In Agatha Christie’s The Hollow (AKA Murder After Hours), Hercule Poirot investigates the shooting death of Harley Street specialist Dr. John Christow. He and his wife Gerda were visiting Sir Henry and Lady Lucy Angkatell at their country home at the time he was killed, and among other possibilities, Poirot and Inspector Grange consider all of the people in that house party. One of them is Christow’s mistress Hentrietta Savernake, who’s a well-known sculptor. It’s not spoiling the story, I think, to say that she loved Christow, probably more than she wanted. So his death has devastated her. That’s not to mention the difficulty of being involved in a police investigation. Yet, here is what Poirot says to her:
‘But you are one of those who can live with a sword in their hearts – who can go on and smile –’
He’s right. Henrietta isn’t by any means perfect. But she is a strong character who goes on and survives despite the things that happen to her.
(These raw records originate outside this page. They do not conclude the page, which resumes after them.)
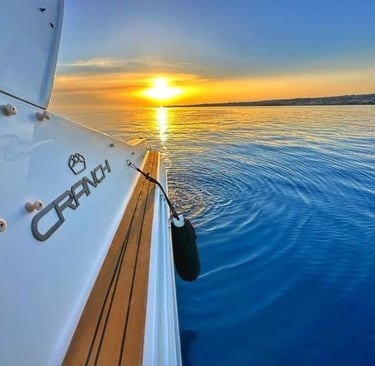 Side view of yacht cruising at sunset on Sicilian coast
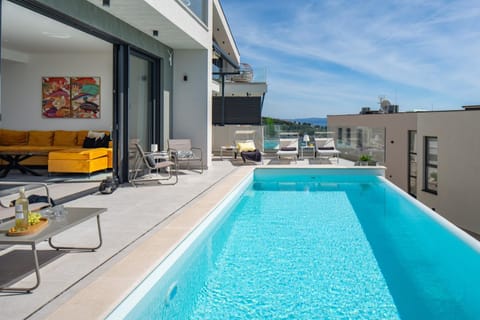 Three-bedroom Villa Sunshine with a heated pool, media room, and views of the sea Villa in Split-Dalmatia County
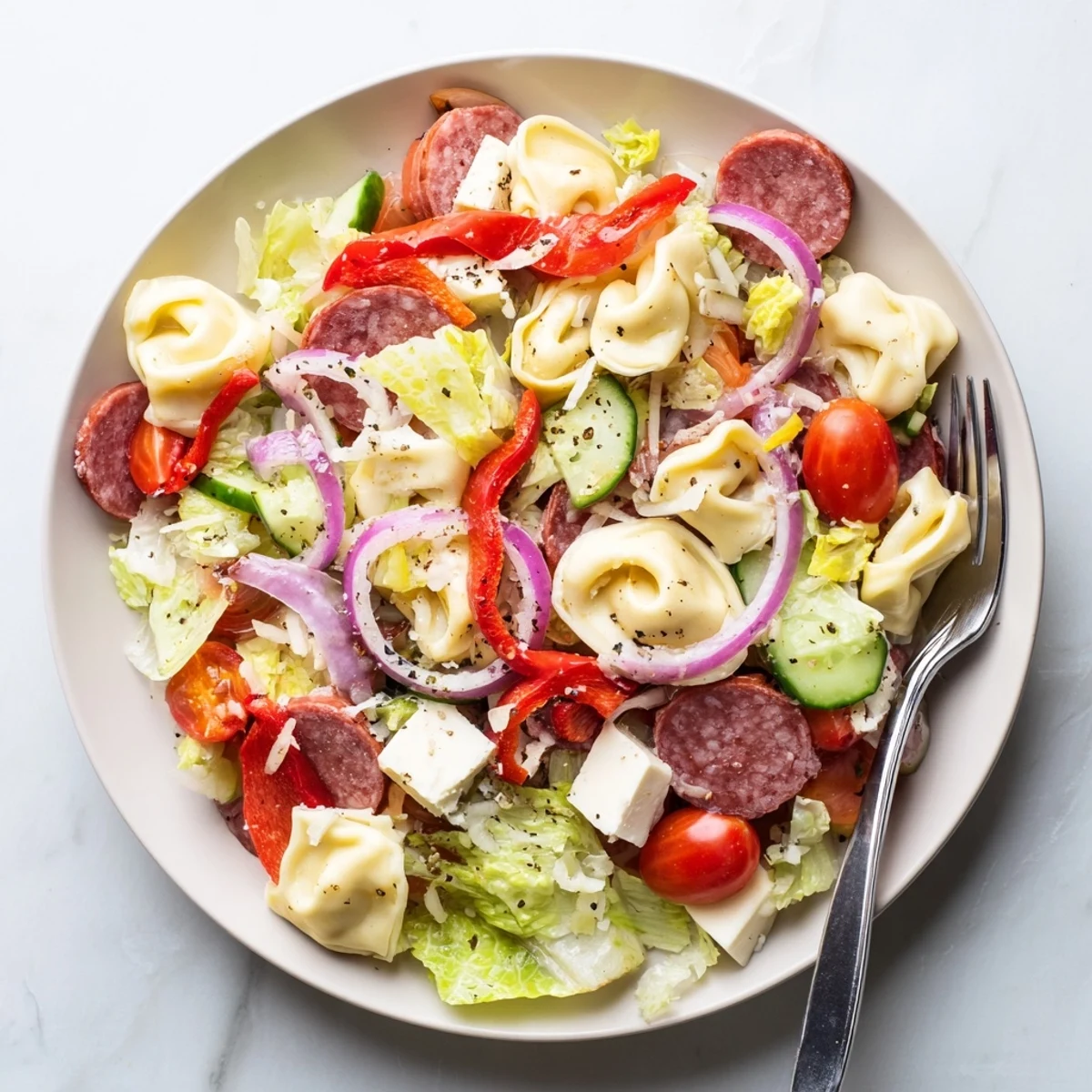 Colorful bowl of fresh grinder tortellini salad recipe loaded with vegetables, cheese, and zesty dressing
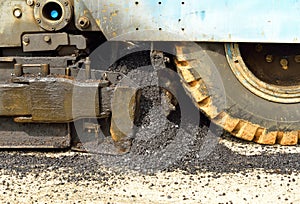 Industrial machine laying asphalt on highway construction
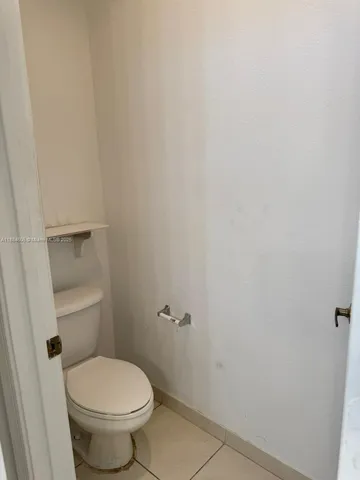 a bathroom with a toilet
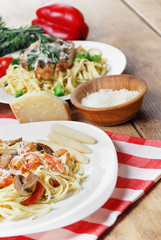 Pasta with shrimps and mashrooms on the wooden table
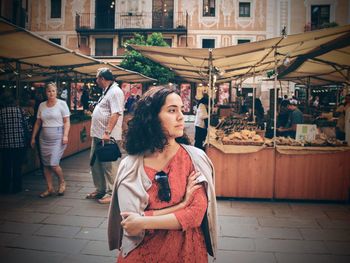 Woman in market against building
That sort of character can be very refreshing, especially considering the number of ‘demon-haunted’ fictional sleuths who find it very hard to go on with life. It’s a tricky balance to create such a character too. On the one hand, it wouldn’t be realistic if characters had no ill effects from things they’d been through in life. When we go through tragedy, it affects us deeply. On the other hand, it’s too easy to fall into the trap of creating a character who drowns sorrows in drink, or who can’t possibly have functional relationships. For a lot of readers, that sort of character has become so commonplace as to be almost a trope now, and that can be off-putting. But there are crime-fictional characters who strike that balance. Here are just a few.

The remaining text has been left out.